# Wife work week cut from 3 days to 2 - can she claim JSB ?



## SemperFi (23 Feb 2010)

Wife has worked at place non-stop for > 10 years, in the last couple of years she went from a 5 day to 3 day week (reared kids). 

Not long after a  hefty pay cut all staff were then told  they have to cut 1 work day as the business is not doing well. So now she will only be able to work 2 days and not 3.

Can she qualify for JSB on these grounds ? And if so would that be €196 / 6  per week ?

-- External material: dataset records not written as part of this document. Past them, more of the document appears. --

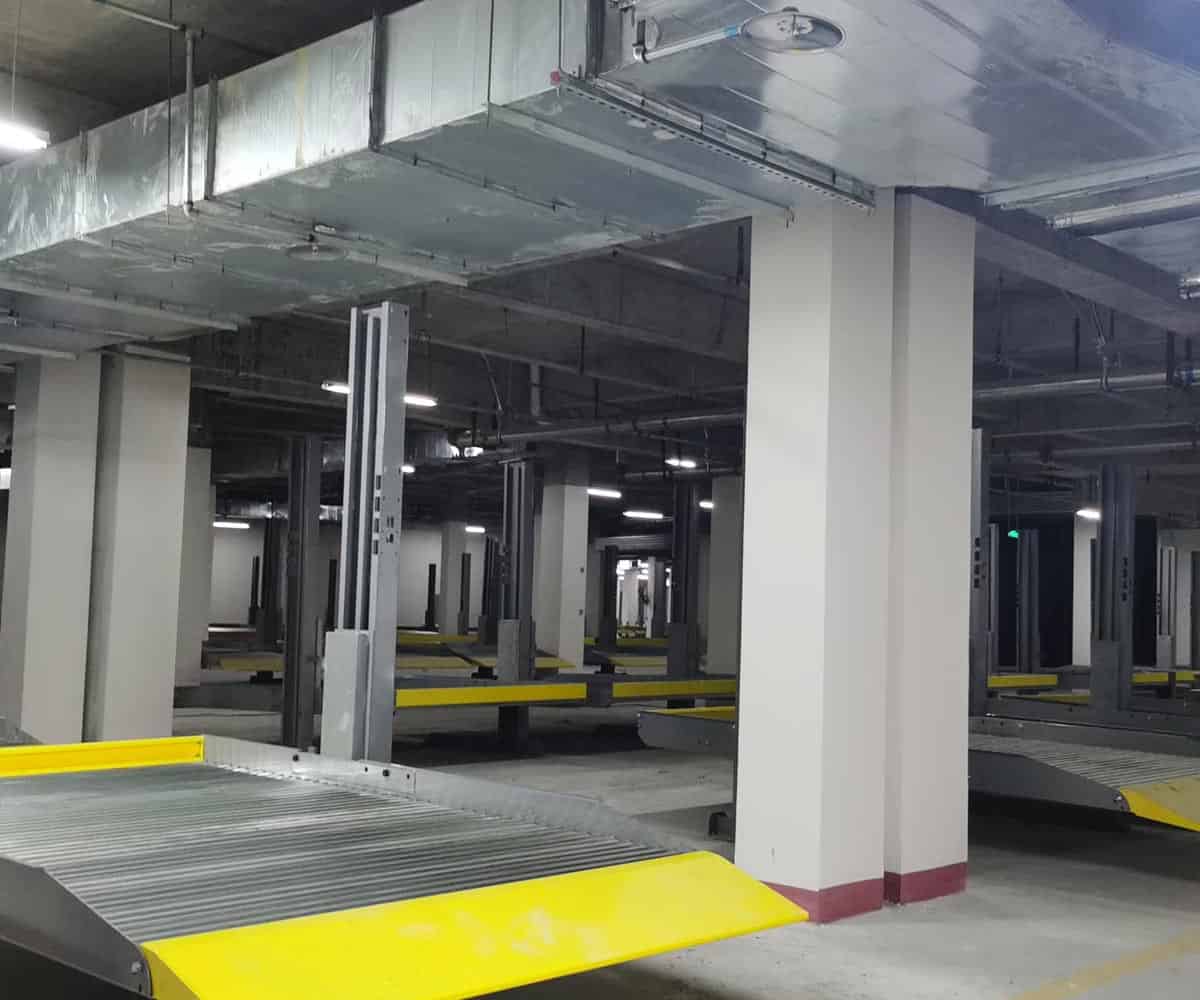 玉屏兩層升降式機械停車租賃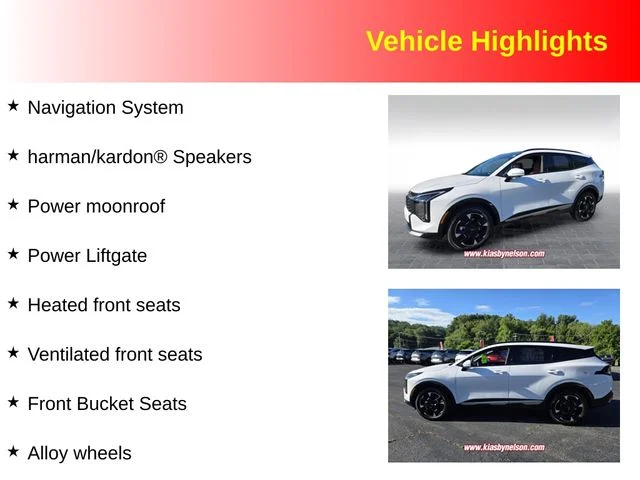 New 2026 White Kia SX-Prestige image 3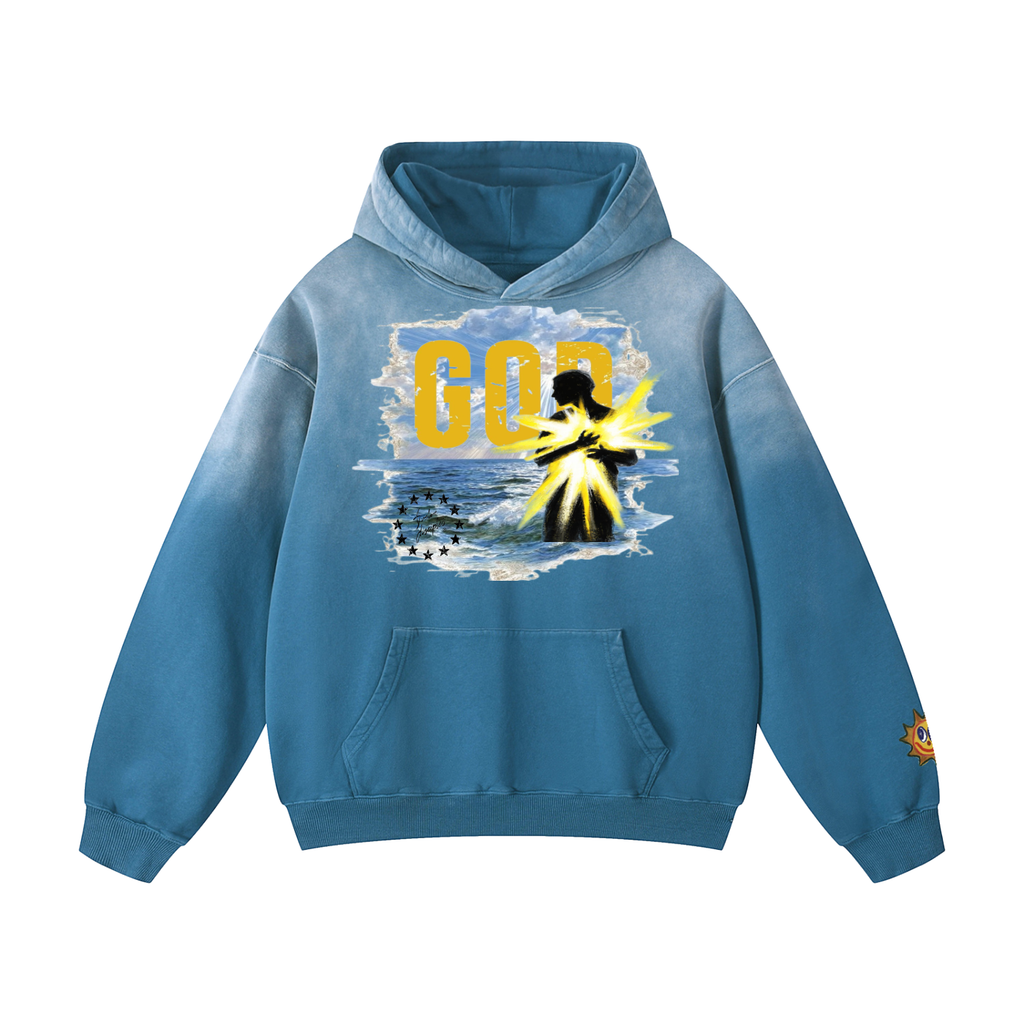God is in hearts hoodie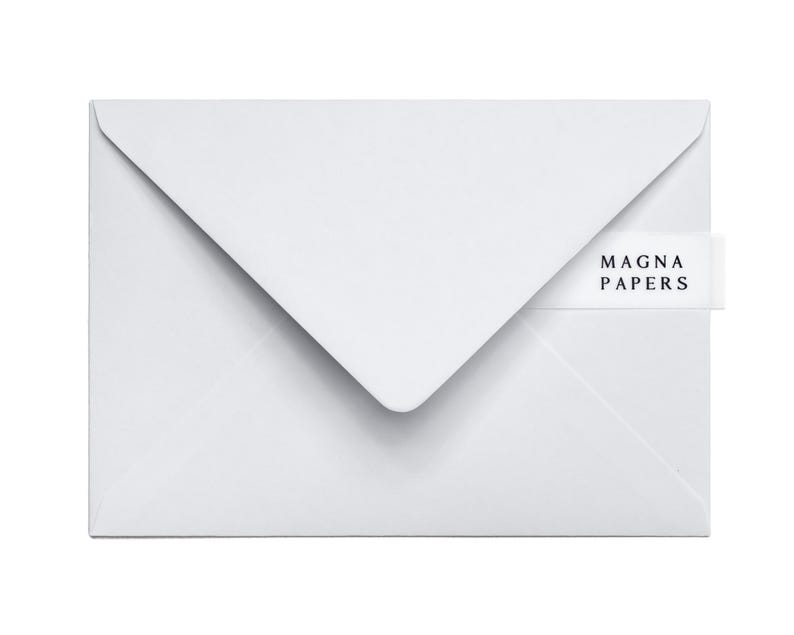 Dove White Envelopes C5 135gsm | Premium Textured Envelopes for Wedding Invitations, Greeting Cards & Stationery (Custom size 155 x 220mm) image 1
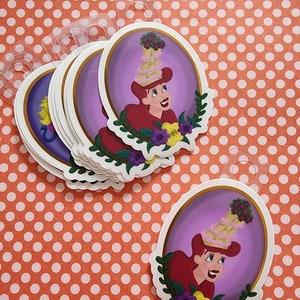 3&quot; Clear Flower Centaurette Sticker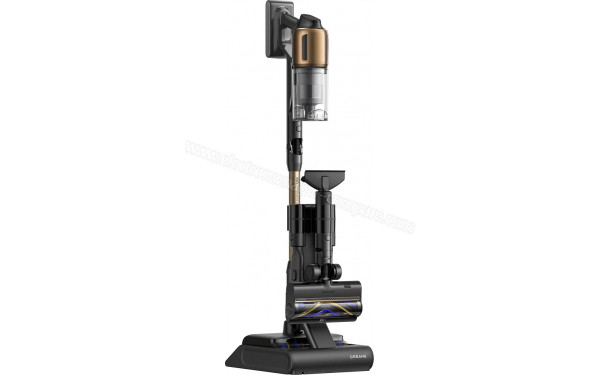 DREAME Z30 Pro Aqua-A -  Vue de 3/4 gauche sur la base de chargement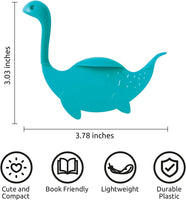 1 x RAW Customer Returns OTOTO Nessie Legend Bookmark - Turquoise Anime Bookmark - Unique Gift for Bookworms, Funny Bookmark for Women Men - Cute Manga Figures Plastic Bookmark Girls Boys - RRP €9.4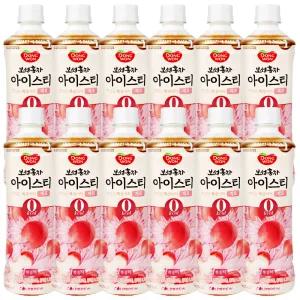 동원 보성홍차 아이스티 제로 복숭아 500ml x 12개 / 음료수 제로칼로리
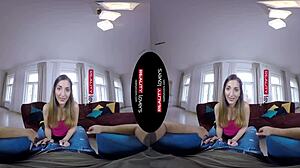 RealityLovers brings my Latin VR babe riding me wild. Can't get enough of her moves!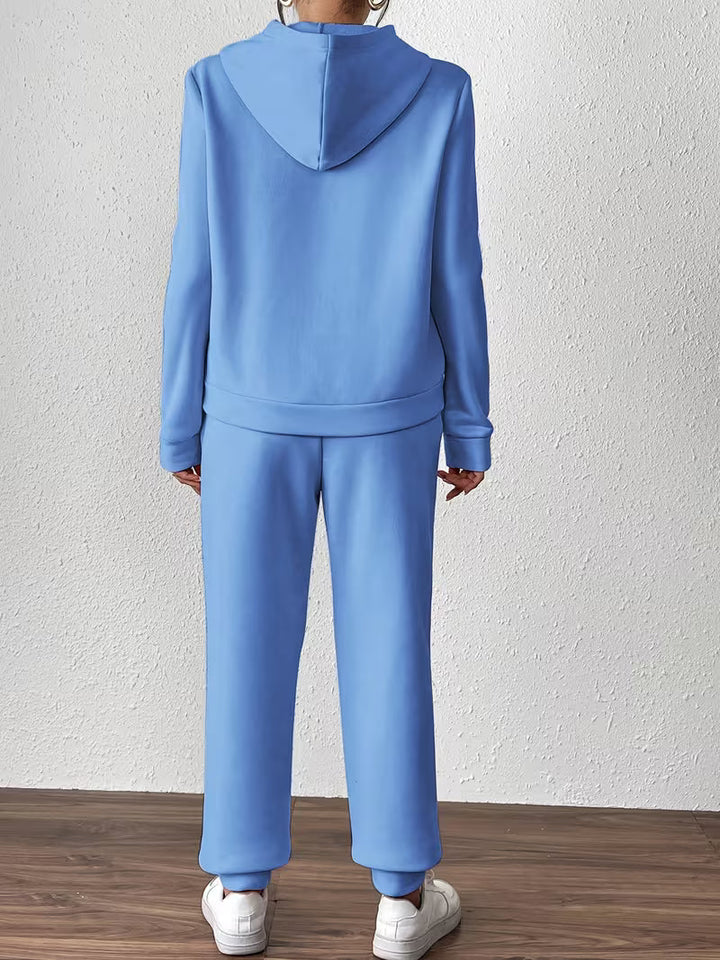 Kiarora - Pearl-Embellished Hooded Two-Piece Set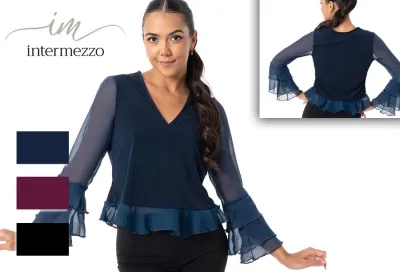 Bluse mit V-Ausschnitt - Art.6671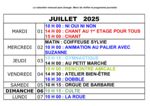 thumbnail of Calendrier des animations 07-25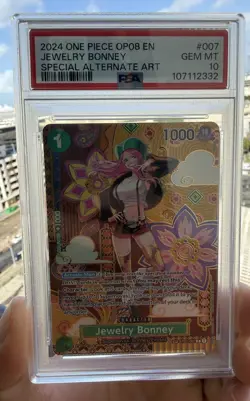 One Piece Jewelry Bonney OP08-105 Super Rare Two Legends Near Mint - Image 1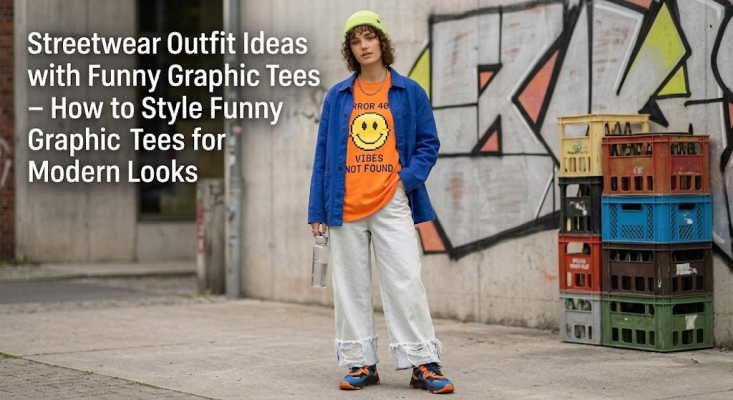 streetwear outfit ideas funny graphic tees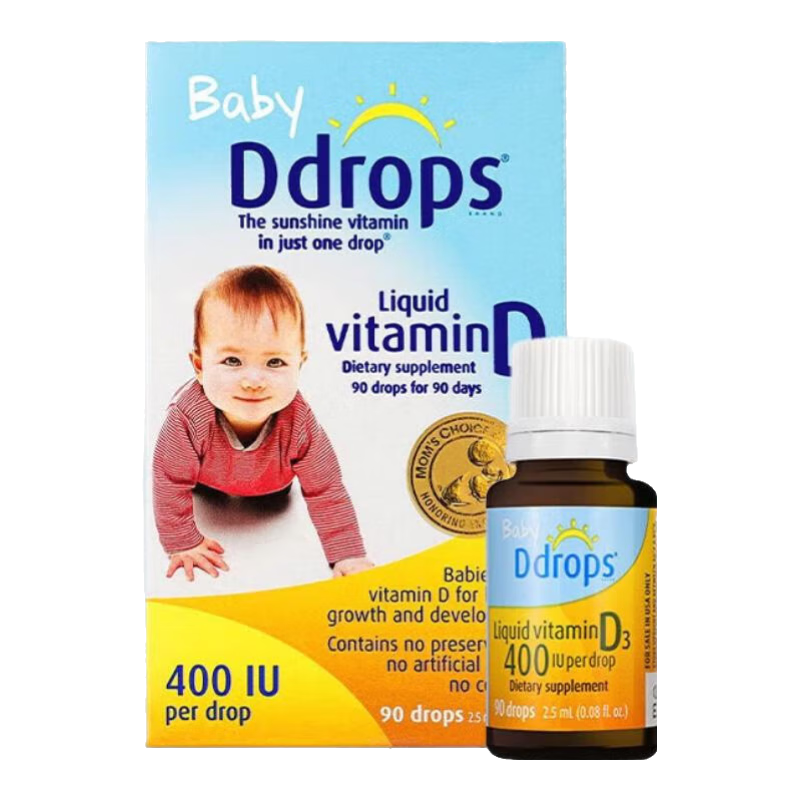 Ddrops��׿˼ά����D3Ӥ�׶�ͯ����άD3�μ�vd3Һ�岹�������� ��15��-1�꡿400IUӤ��D3�μ� 2.5ml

Many thanks for any replies,

SF


----------



## Welfarite (23 Feb 2010)

Read keypost guide for unemployed


----------



## SemperFi (23 Feb 2010)

Hi, 

Great thread, I knew this already but was still unclear whether it applies to my wife :



Welfarite said:


> More information on loss of employment and redundancy:
> 
> *Loss of employment*
> 
> ...


----------



## Welfarite (23 Feb 2010)

Unclear on which part? Your wife should have claimed when her days were first reduced but can do so now if she is available for full-time work. If not (still rearing kids?), then she can't.


----------



## SemperFi (23 Feb 2010)

Thanks for the reply.

So if she only wants to work a 3 day week and has been cut to 2 does she not therefore qualify ?

Cheers


----------



## Welfarite (24 Feb 2010)

Yeah, unfortunately so. She has to be available for and loking for full-time work to claim JB/JA


----------



## SemperFi (24 Feb 2010)

Thats grand - much appreciated. Cheers.


----------